Крылатые муравьи слетают с холста и роятся в нереальности. Никелированный прут распускается цветами миндаля. Странный свет, непривычно ослепительный, магический леденящий сплав невинности, самобытности и садизма.
Из переслаивания мыслимого с немыслимым и состоит мир этого темного художника, мастера метафор, который в отблесках трех угасших иудейских цивилизаций заявился однажды в Кадакес из вселенского Содома, цивилизованного и вечного.
Обманчивый двойник Венеры, он возникает нагим, как бесстыдный светоч, из моря миражей, держа в руке зеркало, где отражается все неправдоподобие мира, высвеченное шестиконечной звездой его фантазии.
Сочный, густой, терпкий запах давильни, винной колыбели, табака и аниса; полновесное, полнозвучное ощущение сизого бурдюка в кастильском зное, и под стать этому — дубленое лицо, колючие глазки, скрытые продольными складками, какой-то обрывок слова, брошенного вскользь и перешедшего в урчание, и руки — натруженные, грузные, задумчивые. А напротив — холст? глина? гранит? Хаос, который ворвался в мастерскую, в поисках смысла, через окно.
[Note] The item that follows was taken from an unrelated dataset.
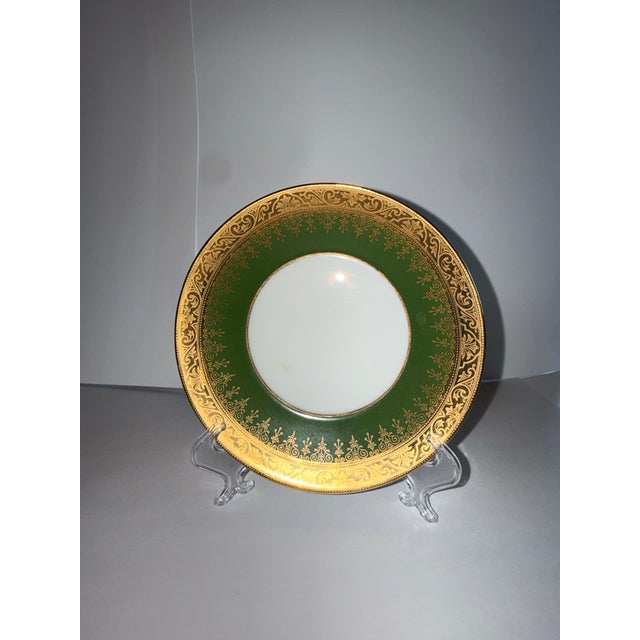1900s Ch. Field Haviland Limoges France “Label De Qualité” Forest Green & Gold Encrusted 48-Piece Formal Dinner Service for 12 For Sale In New York - Image 6 of 11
Грубая охра, грязные белила, свалка останков, выброшенных бурным морем. Обломок огромного, незавершенного бедра, замерший осколок волны, блик времени в углу зеркала, чувственная неразбериха, загадка. Все наспех, вповалку, вразброс — окрестный мир в застенке. Груды живой и мертвой натуры. Бескрайней, бесформенной, первозданной. И вечный мученик Эдуардо Висенте беззвучно и слепо стирает начатое… когда? Возвращается, переписывает, отбрасывает.
В руках, как прилипший след радуги, остается немного — заскорузлая тряпка и размокшая сигарета. Четверть улыбки, урчание, беглый взгляд искоса. Он уходит.
(Походные палатки, которые свет и воздух ставят нам на каждом шагу, устраивают всех и его тоже. Он видит каждого в его палатке, но его не видит никто. Он всегда снаружи. Он вообще вне пространства.)
Кажется, что главное занятие Эдуардо Висенте — стирать, бросать, отрекаться, уходить. Приходить на прощание. Какую кисть ищет он для полотен бездонного заката, небывалого рассвета? Где? Зачем эти крутые дороги, жалкие лачуги, глухие норы, райские задворки? Потайные судилища Достоевского? Вольные передние планы Фра Анжелико? Так же трудно гадать, как трудны отношения Висенте с жизнью, поскольку они полностью, на каждом шагу несовместимы.
Эрменехильдо Англада Камараса
Вспоминаю, как в детстве я смотрел на лунную ночь над морем через цветные стекла террасы, как подменяли безыскусную явь новые магические краски, какой «драгоценной» казалась она, разукрашенная мишурой. И какой прекрасной становилась потом в распахнутом окне души ее подлинная душа! Думаю, что у французского импрессионизма мало общего с той всеобъемлющей глубиной, которой достигали два величайших художника своего времени, Гойя и Милле.
Речь идет не о колорите формы, речь о красках жизни, ее потаенной души. Это центробежная живопись, подобная всплеску, который ширится, разбегаясь чувственными волнами.
Поистине диво дивное — цвет сам по себе, цвет в себе, независимо прекрасный. Но цвет бывает — изредка — чем-то невещественным, неочевидным, недоступным вкусам и гурманам, уже не цветом, но чем-то извлекающим из души ее высший тон. Словно женщина сбросила королевское платье.
Эти картины хочется раздеть, свято веря, что увидим живое тело.
Его не обнаружить в прикладном, фабричном искусстве, керамическом, мозаичном или витражном. Там его нет, а здесь — есть. И хочется раздеть полотна.
Природа порой щеголяет своей виртуозностью. Эта бравада сквозит в облаках рассветных и закатных, в морских волнах, в солнечном ветре, что гудит по саду, как огонь в лесу. Цвет и только цвет, всласть и вдосталь. Таков Соролья — стихийная сила сродни морю, огню и ветру. Его колорит иной, чем у Англады, он глубже, под оболочкой. Холсты Англады хочется раздеть, чтобы увидеть наготу. У Сорольи хочется раздеть наготу.
Надо видеть его за работой — сжигаемый страстью, почти бесплотный, растворенный внутренним огнем, он трудится посмертно, создавая свою жизнь, возвращая материи то, что у нее отнято. Это агония воскрешения. Кажется, что его скульптуры лихорадит, что в них течет кровь создателя.
Глядя на Хулио Антонио в работе, еще и потому, что на свет появляются фигуры, кажется, что это мужские роды. Да, скульптуры — это его плоть и кровь.